▸ Material provided
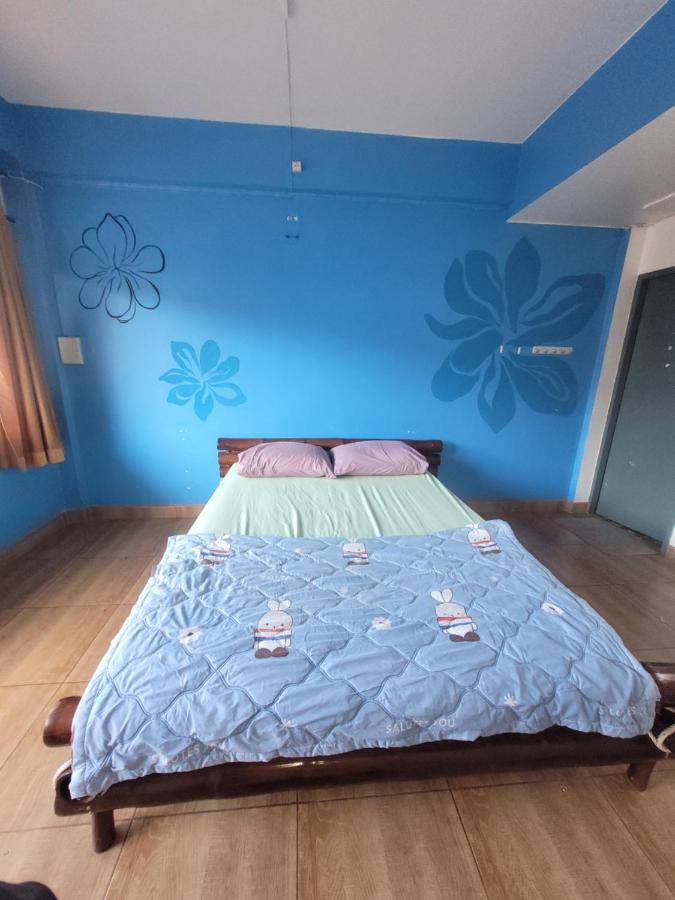 Psiloceye Weed Bar Restaurant & Guesthouse Τσιάνγκ Μάι Εξωτερικό φωτογραφία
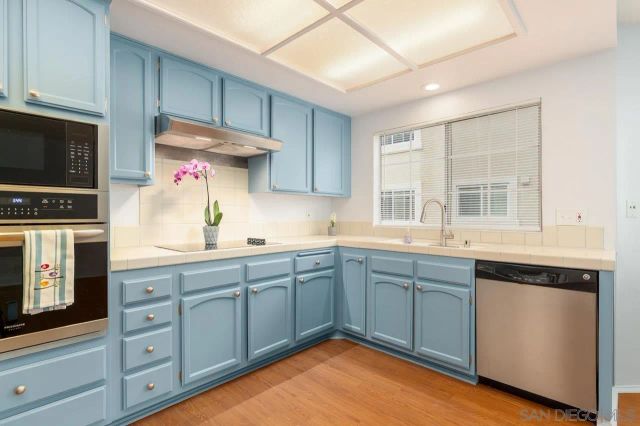 4090 Porte De Palmas 4, San Diego, CA 92122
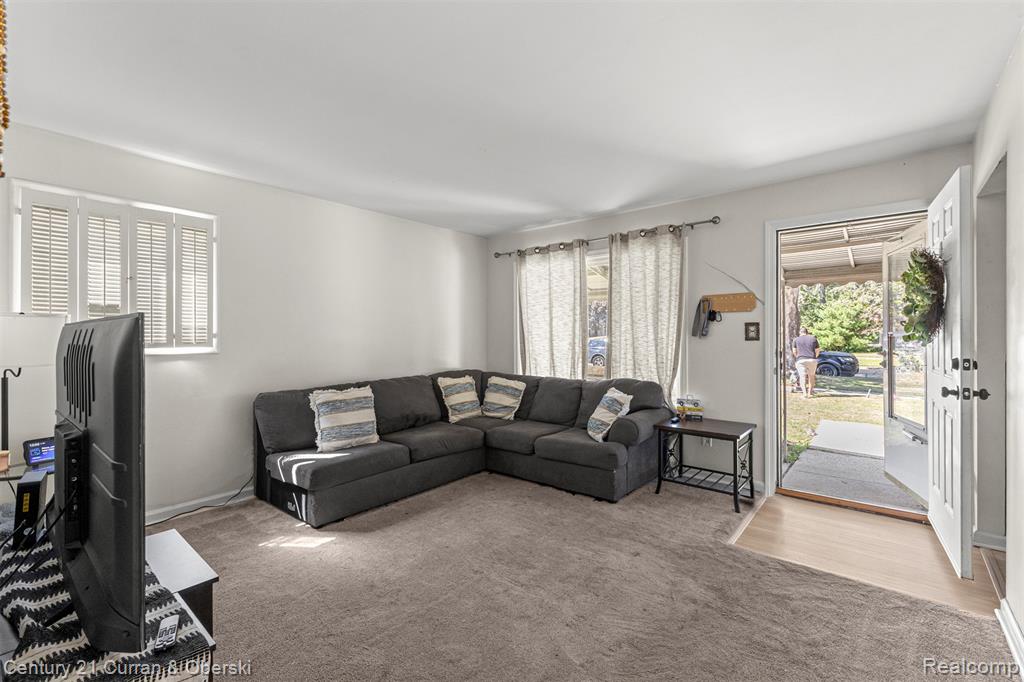 5015 Lincoln Boulevard, Dearborn Heights, MI 48125 — Photo 3
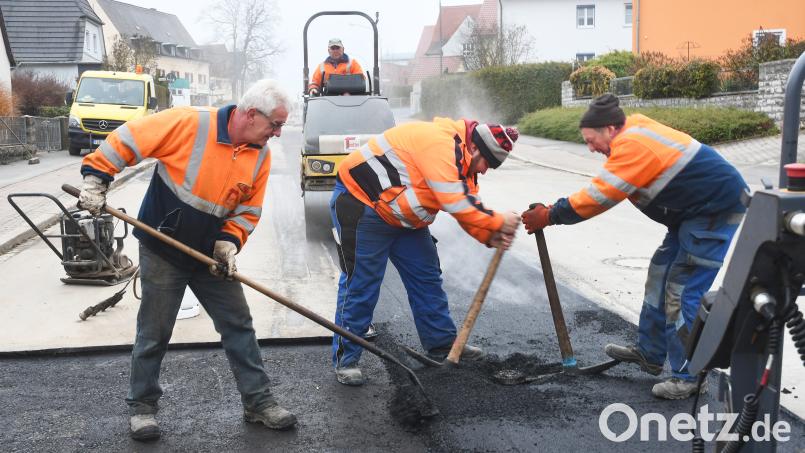 Letzte Arbeiten auf der Baustelle Mooslohstraße. Auf dem frisch asphaltierten Untergrund kann ab Freitagmittag der Verkehr wieder rollen. Bild: Gabi Schönberger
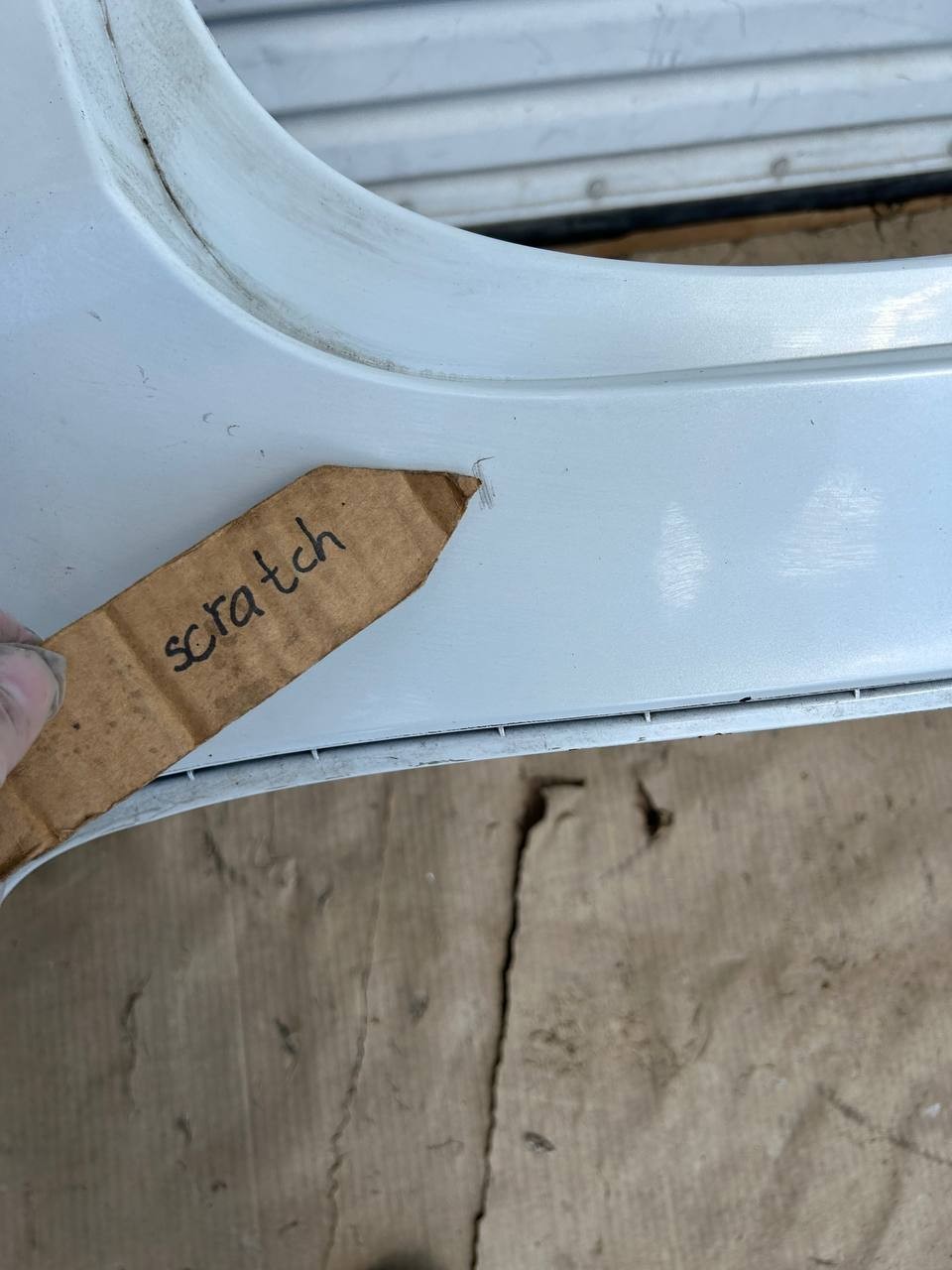 ✅ 22-23 Tesla  Model Y Rear Bumper Cover w/ Sensor Holes1540120-01-A w/scratches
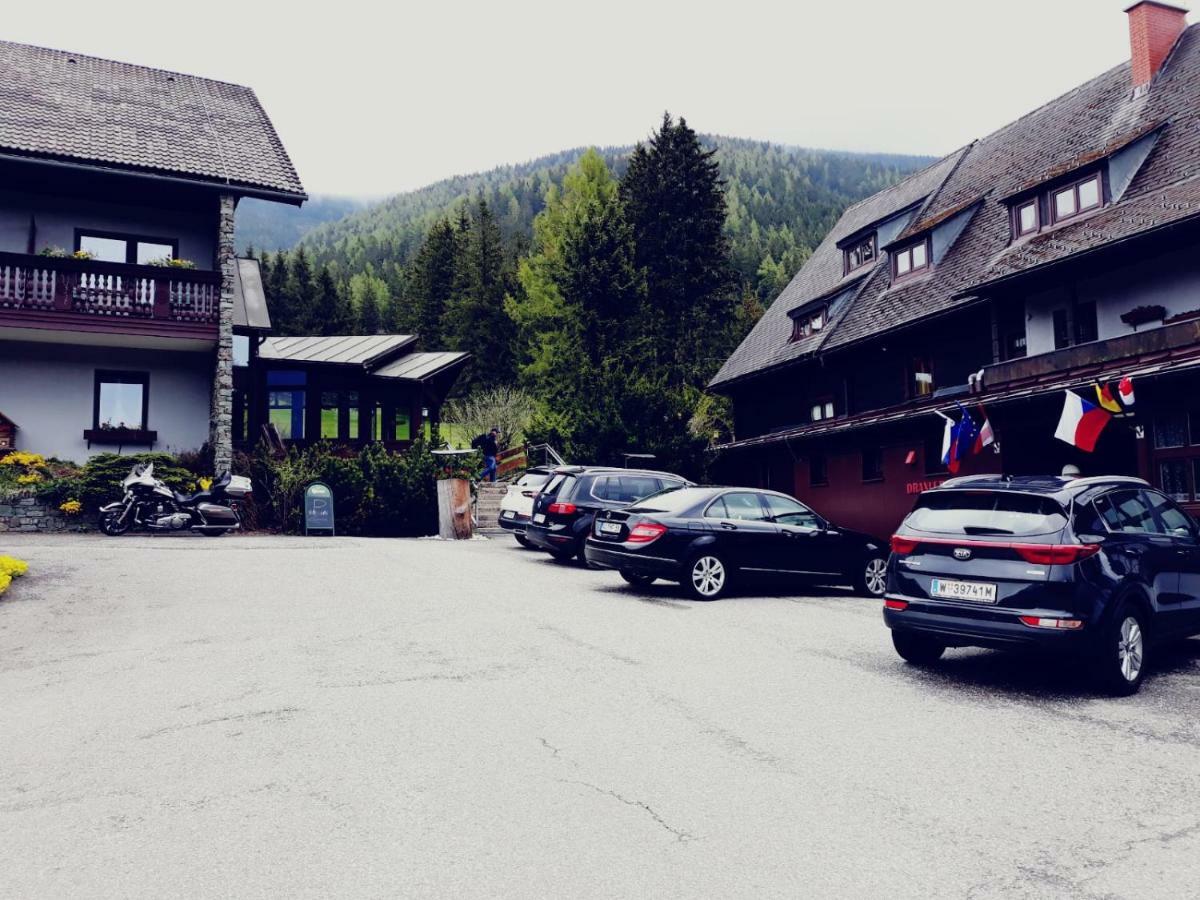 Gasthof Draxlerhaus Hohentauern Eksteriør billede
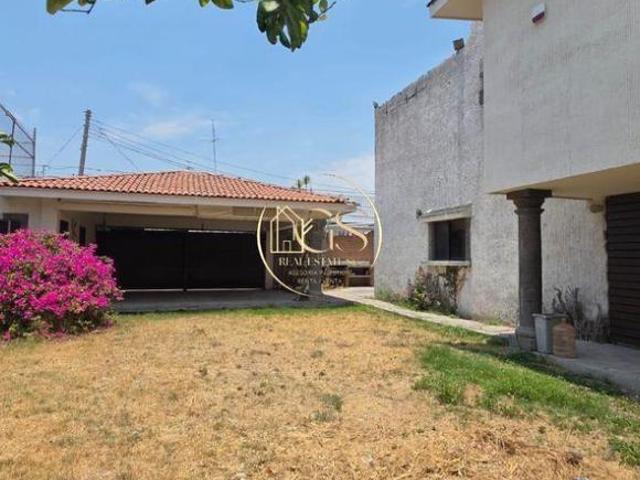 CASA DE LUJO EN VENTA ARBOLEDAS 1RA SECC CELAYA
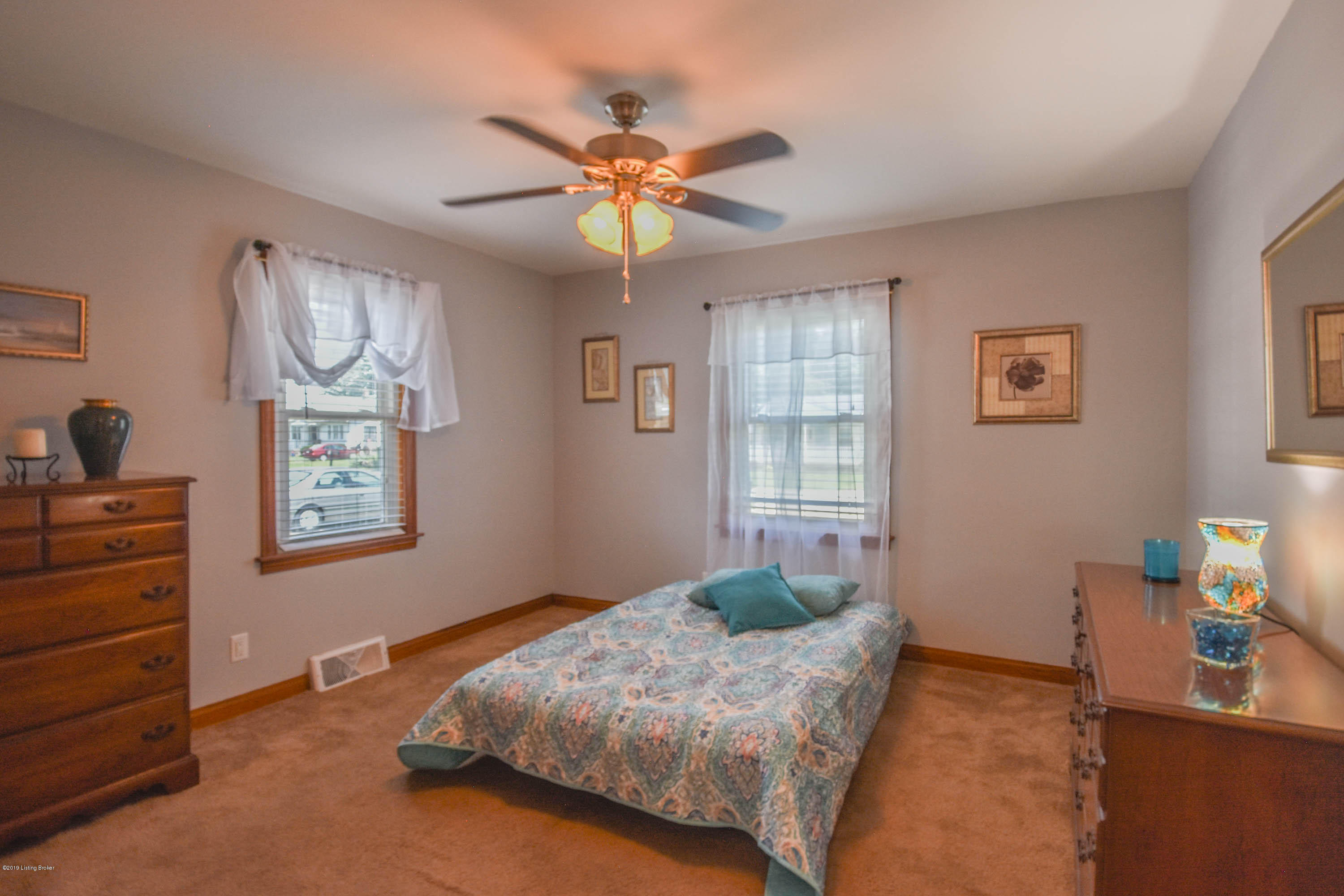 3010 Gudgel Road Louisville, KY 40211 - Photo 19 of 29 DSC_0594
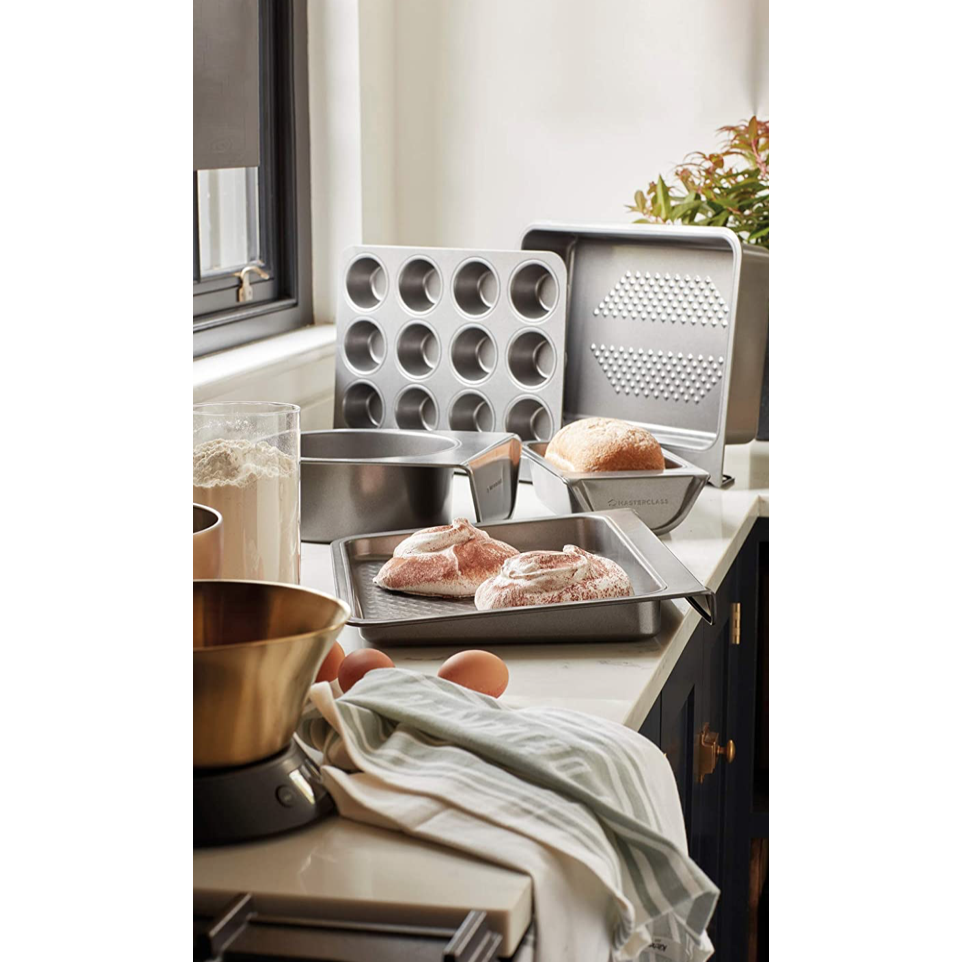 MasterClass 21.5cm Stackable Cake Tin - Non Stick Carbon Steel, Space Saving Design - Home Deco London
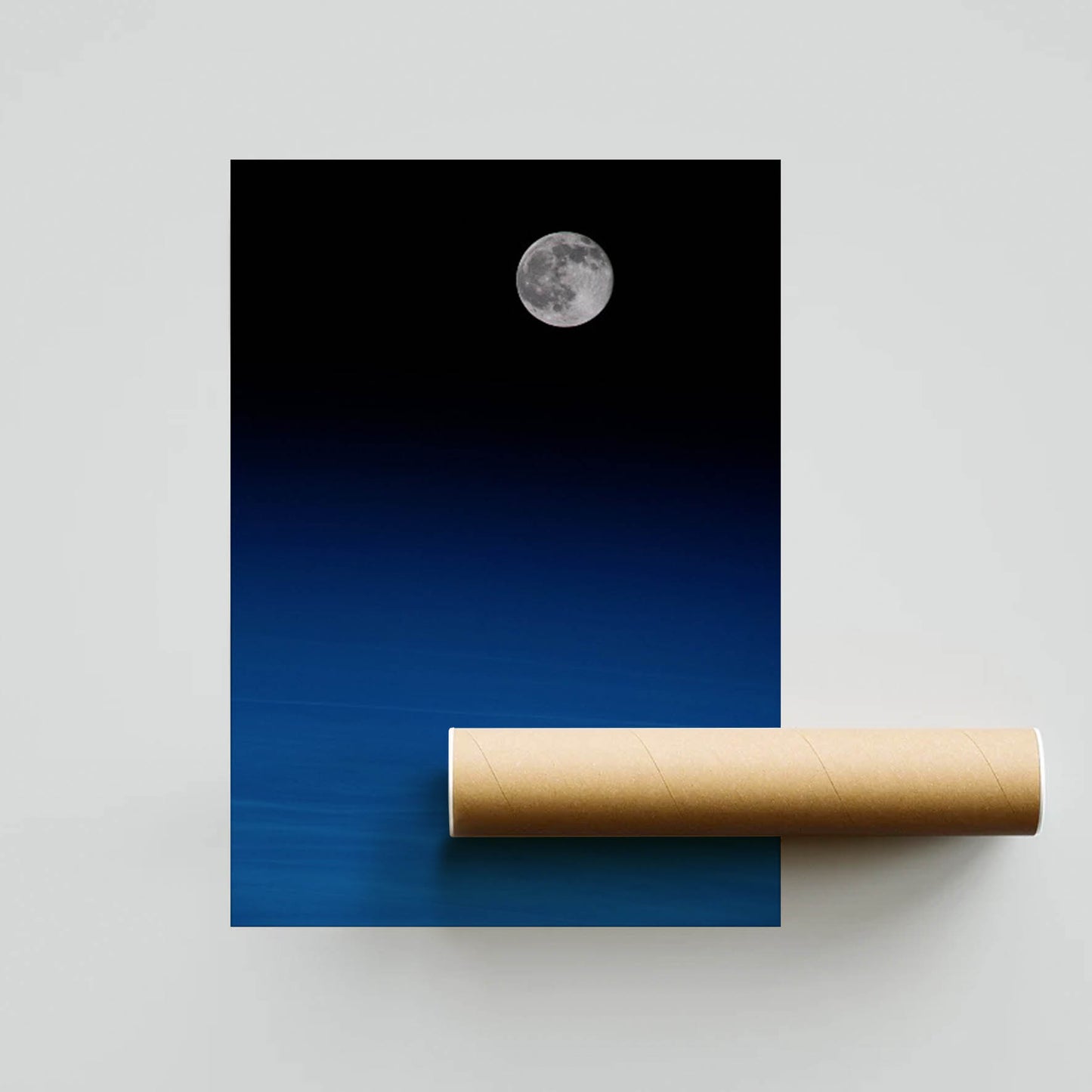 Luna llena en cielo azul 389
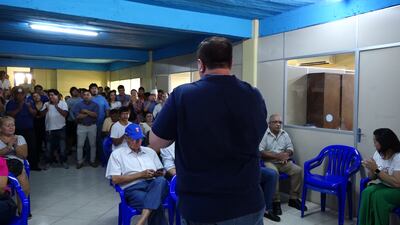 El senador Dionisio Amarilla acudió con un grupo de sus simpatizantes a la sede del PLRA.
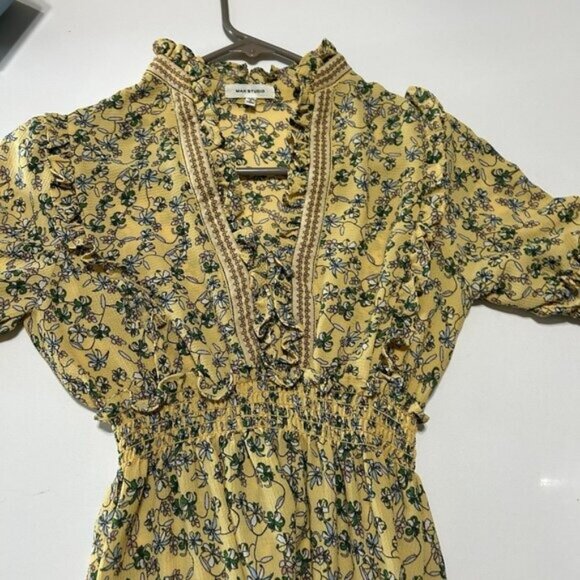 Max Studio Tiered Maxi Ruffle Dress sz xs Floral Smocked Soft Feminine Country - Picture 5 of 9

▸ To do
Apart from the images, reproduce the listing exactly as it appears.

▸ Exercise answer
 Psiloceye Weed Bar Restaurant & Guesthouse Τσιάνγκ Μάι Εξωτερικό φωτογραφία
 4090 Porte De Palmas 4, San Diego, CA 92122
 5015 Lincoln Boulevard, Dearborn Heights, MI 48125 — Photo 3
 Letzte Arbeiten auf der Baustelle Mooslohstraße. Auf dem frisch asphaltierten Untergrund kann ab Freitagmittag der Verkehr wieder rollen. Bild: Gabi Schönberger
 ✅ 22-23 Tesla  Model Y Rear Bumper Cover w/ Sensor Holes1540120-01-A w/scratches
 Gasthof Draxlerhaus Hohentauern Eksteriør billede
 CASA DE LUJO EN VENTA ARBOLEDAS 1RA SECC CELAYA
 3010 Gudgel Road Louisville, KY 40211 - Photo 19 of 29 DSC_0594
 MasterClass 21.5cm Stackable Cake Tin - Non Stick Carbon Steel, Space Saving Design - Home Deco London
 Luna llena en cielo azul 389
 El senador Dionisio Amarilla acudió con un grupo de sus simpatizantes a la sede del PLRA.
 Max Studio Tiered Maxi Ruffle Dress sz xs Floral Smocked Soft Feminine Country - Picture 5 of 9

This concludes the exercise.